The opinion of the court was delivered by: Wigenton, District Judge.
Before the Court is Defendants Robert Half International Inc., and Robert Half Corporation‟s (collectively "Defendants") appeal from Magistrate Judge Madeline C. Arleo‟s Order granting Massachusetts attorney Shannon Liss-Riordan‟s ("Liss-Riordan") application for pro hac vice admission to this Court. This appeal is decided without oral argument pursuant to Fed. R. Civ.

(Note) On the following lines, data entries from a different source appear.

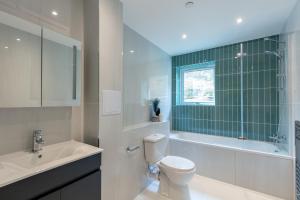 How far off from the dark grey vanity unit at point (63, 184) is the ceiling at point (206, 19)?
169cm

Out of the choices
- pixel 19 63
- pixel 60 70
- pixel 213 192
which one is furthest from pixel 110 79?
pixel 213 192

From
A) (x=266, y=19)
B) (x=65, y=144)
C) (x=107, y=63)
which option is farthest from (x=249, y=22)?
(x=65, y=144)

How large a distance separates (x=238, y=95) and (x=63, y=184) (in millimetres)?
2972

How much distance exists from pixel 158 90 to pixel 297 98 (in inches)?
78.4

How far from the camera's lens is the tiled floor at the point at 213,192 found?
2074 mm

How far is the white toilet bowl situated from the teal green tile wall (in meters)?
1.40

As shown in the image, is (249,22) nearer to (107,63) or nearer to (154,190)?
(107,63)

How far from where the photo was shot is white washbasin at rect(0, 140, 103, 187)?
866 mm

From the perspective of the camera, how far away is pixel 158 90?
3.08m

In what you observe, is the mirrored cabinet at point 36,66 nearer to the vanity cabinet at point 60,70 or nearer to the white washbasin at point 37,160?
the vanity cabinet at point 60,70

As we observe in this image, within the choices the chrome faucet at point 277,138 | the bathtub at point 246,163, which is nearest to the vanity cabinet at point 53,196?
the bathtub at point 246,163

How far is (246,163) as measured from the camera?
91.3 inches

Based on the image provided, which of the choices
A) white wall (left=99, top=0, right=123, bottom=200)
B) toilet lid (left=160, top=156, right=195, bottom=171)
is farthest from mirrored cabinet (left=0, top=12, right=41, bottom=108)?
toilet lid (left=160, top=156, right=195, bottom=171)

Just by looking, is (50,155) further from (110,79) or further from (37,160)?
(110,79)
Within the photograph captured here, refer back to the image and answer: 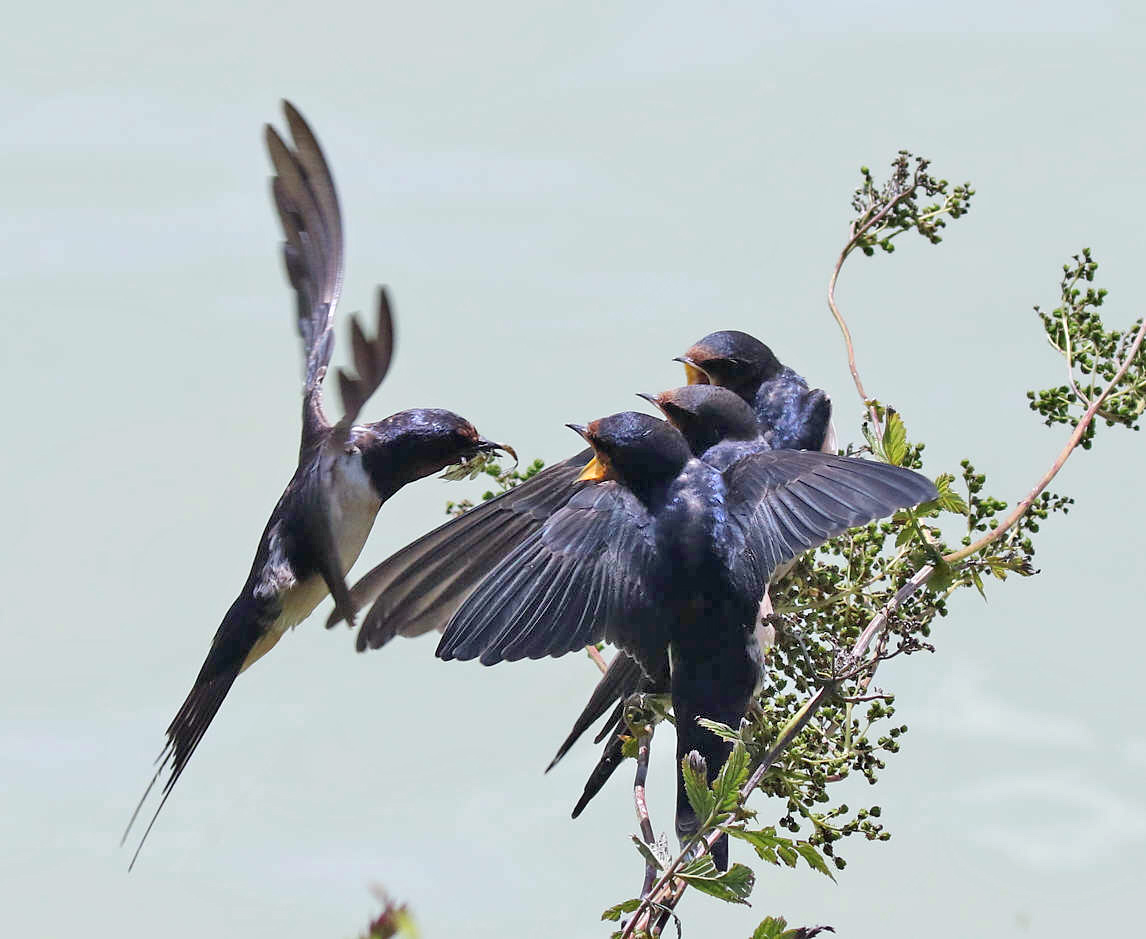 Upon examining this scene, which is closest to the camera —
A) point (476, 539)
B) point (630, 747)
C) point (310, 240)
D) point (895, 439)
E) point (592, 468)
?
point (630, 747)

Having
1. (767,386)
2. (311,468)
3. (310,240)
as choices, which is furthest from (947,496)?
(310,240)

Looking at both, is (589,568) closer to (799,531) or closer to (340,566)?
(799,531)

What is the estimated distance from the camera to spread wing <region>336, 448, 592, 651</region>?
3.46 meters

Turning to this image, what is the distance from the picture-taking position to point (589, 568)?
2.92m

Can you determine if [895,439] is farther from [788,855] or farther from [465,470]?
[465,470]

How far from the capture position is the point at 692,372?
157 inches

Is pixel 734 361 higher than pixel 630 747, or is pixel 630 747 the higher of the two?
pixel 734 361

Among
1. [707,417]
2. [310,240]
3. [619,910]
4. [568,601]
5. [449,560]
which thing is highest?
[310,240]

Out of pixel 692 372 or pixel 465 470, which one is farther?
pixel 692 372

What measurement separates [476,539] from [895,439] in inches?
43.8

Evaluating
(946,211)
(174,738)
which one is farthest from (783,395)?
(174,738)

P. 78. For the reasons stated below, Judge Arleo‟s Order granting the pro hac vice admission of Liss-Riordan is AFFIRMED.
FACTUAL AND PROCEDURAL BACKGROUND
Plaintiffs David Opalinksi ("Opalinksi") and James McCabe ("McCable") are Defendants‟ former employees. On April 23, 2010, Opalinski and McCabe, on behalf of themselves and other individuals "who have performed duties as "staffing managers‟ for Defendants" (collectively "Plaintiffs") initiated this action alleging that Defendants violated the Fair Labor Standards Act, 29 U.S.C. § 201 et seq., by failing to pay them overtime. (Compl. ¶ 1.) On October 14, 2010, Plaintiffs filed a motion for pro hac vice admission of Liss-Riordan. 1 (Docket Entry No. 30.) Defendants opposed the motion. On that same day, Magistrate Judge Arleo granted Plaintiffs‟ motion. On November 1, 2010, Defendants appealed the October 14 Order. (Docket Entry No. 32.) Essential to this appeal is Liss-Riordan‟s involvement in a prior action against Defendants in Massachusetts, O‟Donnell v. Robert Half Int‟l, Inc., 1:04-cv-12719 (D. Mass.) (the "O‟Donnell action").
The O'Donnell Action Liss-Riordan and her firm, Lichten & Liss-Riordan, P.C., ("Lichten") represented the plaintiffs in the O‟Donnell action. The law firm of Seyfarth Shaw LLP ("Seyfarth") represented Defendants. Similar to the present case, the plaintiffs in the O‟Donnell action asserted claims under the Fair Labor Standards Act. O‟Donnell v. Robert Half Int‟l, Inc., 641 F. Supp. 2d 84, 85 (D. Mass. 2009).
On June 3, 2009, Seyfarth filed a motion to disqualify Lichten under Rule 1.10 of the Massachusetts Rules of Professional Conduct. The basis of Seyfarth‟s motion was that Lichthen hired a former associate, Sarah Getchell ("Getchell"), of Seyfarth. Id. Getchell graduated from law school in 2008 and worked at Seyfarth for about eight months. During Getchell‟s tenure at Seyfarth she billed 7.2 hours on the O‟Donnell action. However, Getchell testified that "she had absolutely no memory of ever having worked on the instant case or of having received information about this case while at the Seyfarth firm." Id. at 87. Additionally, while employed at Lichten, Getchell was screened from the O‟Donnell action. Nonetheless, the court found that although Getchell did not have a "substantial involvement" in the O‟Donnell action, she received "substantial material information." Id. (internal quotations omitted). Consequently, Lichten was disqualified from the case. Id. at 91. In September 2009, Getchell ceased working at Lichten. O‟Donnell v. Robert Half Int‟l, Inc., 724 F. Supp. 2d 217, 219 (D. Mass. 2010)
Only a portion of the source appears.